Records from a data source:
++++++++
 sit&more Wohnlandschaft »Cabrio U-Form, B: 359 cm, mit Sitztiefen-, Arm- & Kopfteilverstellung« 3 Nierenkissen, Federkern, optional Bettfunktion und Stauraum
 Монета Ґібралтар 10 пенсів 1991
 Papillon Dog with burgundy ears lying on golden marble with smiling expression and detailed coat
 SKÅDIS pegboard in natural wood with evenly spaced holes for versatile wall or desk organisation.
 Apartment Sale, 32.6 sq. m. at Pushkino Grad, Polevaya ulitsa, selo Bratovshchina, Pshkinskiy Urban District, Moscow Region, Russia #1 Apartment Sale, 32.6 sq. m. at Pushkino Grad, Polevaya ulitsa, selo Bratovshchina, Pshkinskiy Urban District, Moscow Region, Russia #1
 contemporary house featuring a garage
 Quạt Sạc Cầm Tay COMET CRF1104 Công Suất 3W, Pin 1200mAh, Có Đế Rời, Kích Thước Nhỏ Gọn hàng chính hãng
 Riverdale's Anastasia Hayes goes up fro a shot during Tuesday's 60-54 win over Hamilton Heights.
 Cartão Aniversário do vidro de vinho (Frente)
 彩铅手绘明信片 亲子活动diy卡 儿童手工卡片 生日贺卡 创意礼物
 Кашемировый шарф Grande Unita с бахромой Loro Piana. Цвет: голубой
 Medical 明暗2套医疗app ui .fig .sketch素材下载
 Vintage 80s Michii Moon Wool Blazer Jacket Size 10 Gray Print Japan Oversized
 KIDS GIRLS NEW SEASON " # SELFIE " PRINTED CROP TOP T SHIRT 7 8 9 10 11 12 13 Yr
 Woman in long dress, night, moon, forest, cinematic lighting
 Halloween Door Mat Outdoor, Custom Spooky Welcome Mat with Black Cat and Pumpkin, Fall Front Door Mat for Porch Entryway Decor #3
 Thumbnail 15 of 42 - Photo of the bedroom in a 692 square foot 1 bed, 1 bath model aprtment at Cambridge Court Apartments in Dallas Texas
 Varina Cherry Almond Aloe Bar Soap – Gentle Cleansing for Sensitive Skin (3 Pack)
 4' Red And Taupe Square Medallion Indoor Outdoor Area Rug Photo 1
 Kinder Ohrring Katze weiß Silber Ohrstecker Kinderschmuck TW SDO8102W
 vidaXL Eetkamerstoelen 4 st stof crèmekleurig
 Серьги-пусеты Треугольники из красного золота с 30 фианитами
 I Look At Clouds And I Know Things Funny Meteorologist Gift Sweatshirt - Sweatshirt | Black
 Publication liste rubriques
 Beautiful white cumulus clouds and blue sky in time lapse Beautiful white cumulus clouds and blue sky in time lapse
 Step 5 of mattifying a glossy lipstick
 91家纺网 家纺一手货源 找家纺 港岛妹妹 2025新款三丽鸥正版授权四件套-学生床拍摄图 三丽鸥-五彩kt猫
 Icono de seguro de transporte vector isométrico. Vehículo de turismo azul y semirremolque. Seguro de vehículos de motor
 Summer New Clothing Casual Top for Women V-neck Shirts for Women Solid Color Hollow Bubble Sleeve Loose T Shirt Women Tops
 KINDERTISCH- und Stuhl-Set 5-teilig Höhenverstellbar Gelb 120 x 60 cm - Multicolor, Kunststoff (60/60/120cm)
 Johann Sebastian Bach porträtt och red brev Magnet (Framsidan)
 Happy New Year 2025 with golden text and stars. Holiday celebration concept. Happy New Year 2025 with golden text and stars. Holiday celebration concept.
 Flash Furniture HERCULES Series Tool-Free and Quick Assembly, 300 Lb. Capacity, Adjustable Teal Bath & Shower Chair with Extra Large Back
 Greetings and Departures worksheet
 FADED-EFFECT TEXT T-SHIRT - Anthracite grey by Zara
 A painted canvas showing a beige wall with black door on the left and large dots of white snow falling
++++++++
→ **PROMPT**
Every line in the entries above that mentions the word "with" must be shown.

→ **EXPECTED OUTPUT**
 Papillon Dog with burgundy ears lying on golden marble with smiling expression and detailed coat
 SKÅDIS pegboard in natural wood with evenly spaced holes for versatile wall or desk organisation.
 Halloween Door Mat Outdoor, Custom Spooky Welcome Mat with Black Cat and Pumpkin, Fall Front Door Mat for Porch Entryway Decor #3
 Happy New Year 2025 with golden text and stars. Holiday celebration concept. Happy New Year 2025 with golden text and stars. Holiday celebration concept.
 Flash Furniture HERCULES Series Tool-Free and Quick Assembly, 300 Lb. Capacity, Adjustable Teal Bath & Shower Chair with Extra Large Back
 A painted canvas showing a beige wall with black door on the left and large dots of white snow falling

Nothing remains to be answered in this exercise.